By JAMES KANTER
Published: October 1, 2010
LISBON — Rather than focus on reaching a legally binding climate agreement, the United Nations should take a stronger role in making sure that countries promote the development and use of cleaner energy sources, Yvo de Boer, the U.N.’s former climate chief, said on Friday.
At a time when the U.N.’s long-held ambition of reaching a new treaty to curb emissions blamed for global warming seems out of reach, Mr. de Boer said many countries, as well as companies, wanted “to be held accountable” for their efforts at promoting greener policies and industries.
The U.N. could help to fill that role and do more to help craft a rule book for the way countries like China monitor and verify pledges to lower greenhouse gas emissions, Mr. de Boer told the Global Clean Energy Forum, a conference convened by the International Herald Tribune.
The near-collapse of global talks on climate change in Copenhagen in December, coupled with the most serious financial crisis in decades, have left investors reassessing what role cash-strapped governments and international authorities can play in fostering clean energy.
Mr. de Boer, who helped to organize the summit meeting in Copenhagen, left the U.N. in July to become the special global adviser on climate change and sustainability at KPMG, a consulting firm.
Mr. de Boer, a Dutchman, all but ruled out chances for an international treaty at the next major gathering of nations in Cancún, Mexico, that starts at the end of November, though he said nations could eventually adopt a treaty.
In the near term, the U.N. should do more to support clean energy and to involve business in the negotiations, he said.
“I think it’s ultimately the responsibility of an international regime to set a common metric, to set common standards, perhaps even translate those into guidelines,” he said, adding that that work could lead to establishing common guidelines. The clean energy business would benefit from an “international framework that registers the commitments of countries, but then at the level of activity puts a very solid mechanism in place for reporting monitoring and verification of action.”
Such a structure would “ensure real results are being achieved,” he said.
Juan Manuel Gómez Robledo, a deputy minister for multilateral affairs and human rights at the Foreign Ministry in Mexico, told the conference that his country, as host of the next meeting, would promote an “enhanced role” for business at future U.N. meetings.
The Kyoto Protocol, the 1997 climate treaty overseen by the U.N. but never signed by the United States, showed the limits of treaties, Mr. de Boer said.
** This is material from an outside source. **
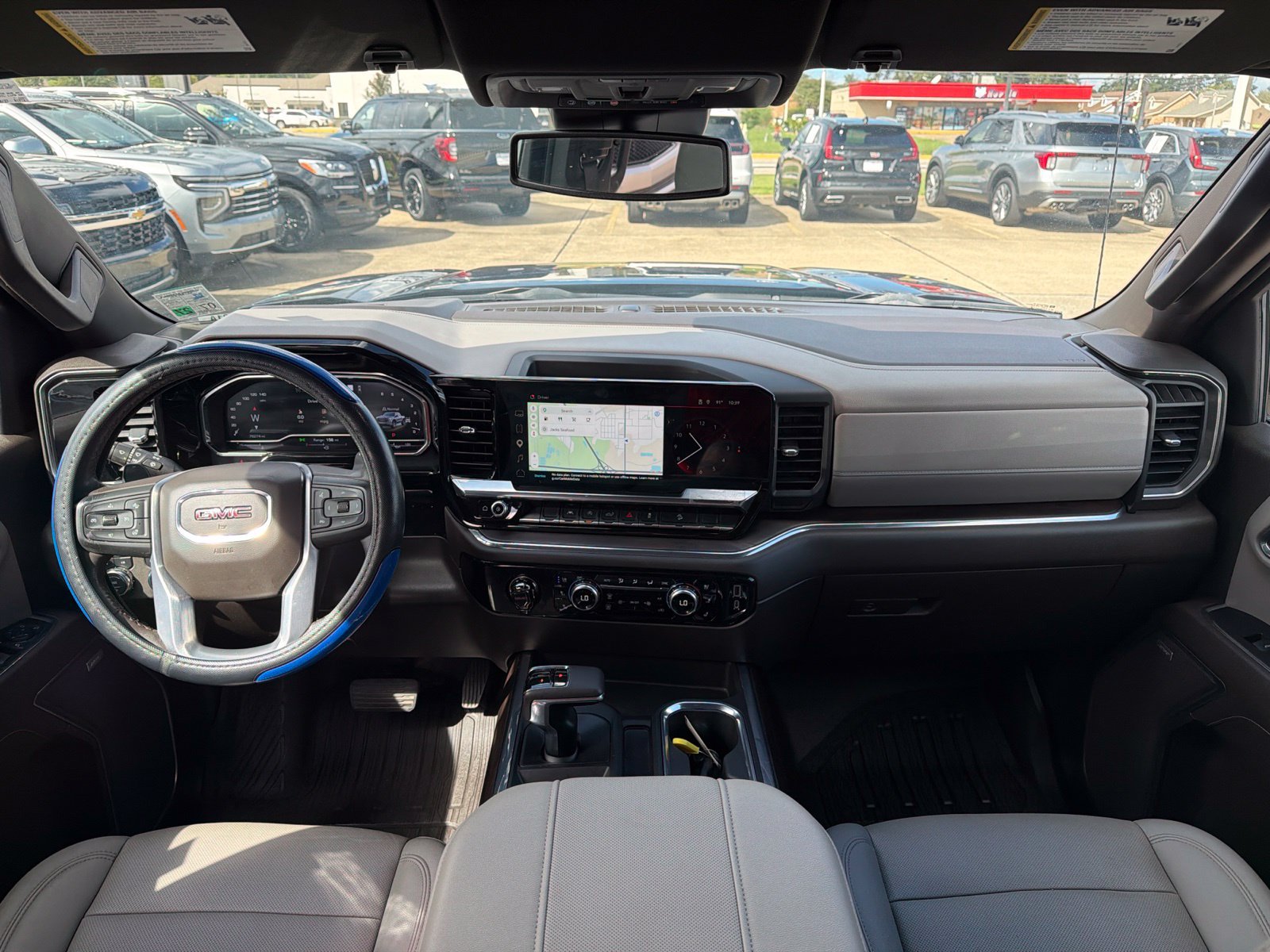 Used 2023 GMC Sierra 1500 SLT AWD/4WD image 9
Canada was not expecting to achieve its targets under Kyoto yet had not actually withdrawn. “I don’t see a lot of talk about consequences,” Mr. de Boer said, referring to Canada. “Even something internationally legally binding is relative,” he said.
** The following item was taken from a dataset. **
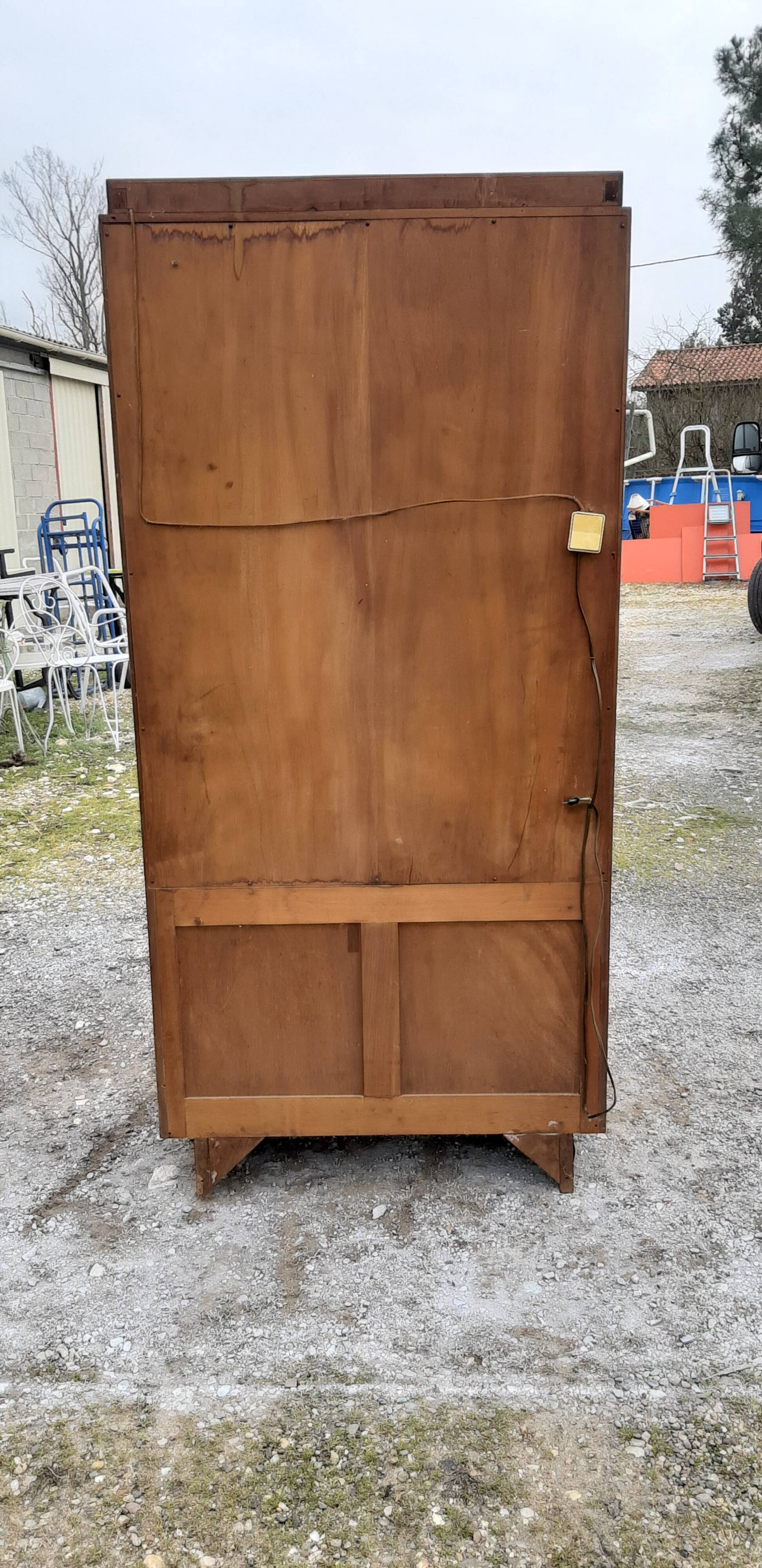 Art deco walnut showcase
Mr. de Boer also sought to make the case that the much-criticized Copenhagen Accord — reached in the final hours of the talks in December by the United States with major emerging powers including China and India — laid the groundwork for a more pragmatic approach in the future.
“Say what you will of Copenhagen, we now have targets for emission reductions from every industrialized country and action plans from around 40 developing states,” he said. “The contours of a future framework are in place.”
Many experts have said that the emission reductions envisioned in those pledges fall far short of what is needed to keep the atmosphere from warming dangerously through this century, leading to shifts in climate, worsening droughts and floods, rising seas and other damage.
Rajendra Pachauri, the chairman of the Intergovernmental Panel on Climate Change, which has tracked research on human-caused global warming since it was created under U.N. auspices in 1988, said on Friday at the conference that he supported Mr. de Boer’s recommendations.
But Mr. Pachauri also urged delegates going to the meeting in Cancún to bear in mind the findings of scientists about the potential for dangerous climate change.
Mr. Gómez Robledo, the Mexican official, acknowledged that scientific findings about the pace of climate change suggested that nations should be moving further and much faster to cut emissions. But, he said, “we have to be pragmatic.”
Kunihiko Shimada, the principal international negotiator for the Japanese Environment Ministry, said he hoped nations in Cancún would agree to set a timetable to reach a treaty by the end of 2011, at a summit meeting in South Africa.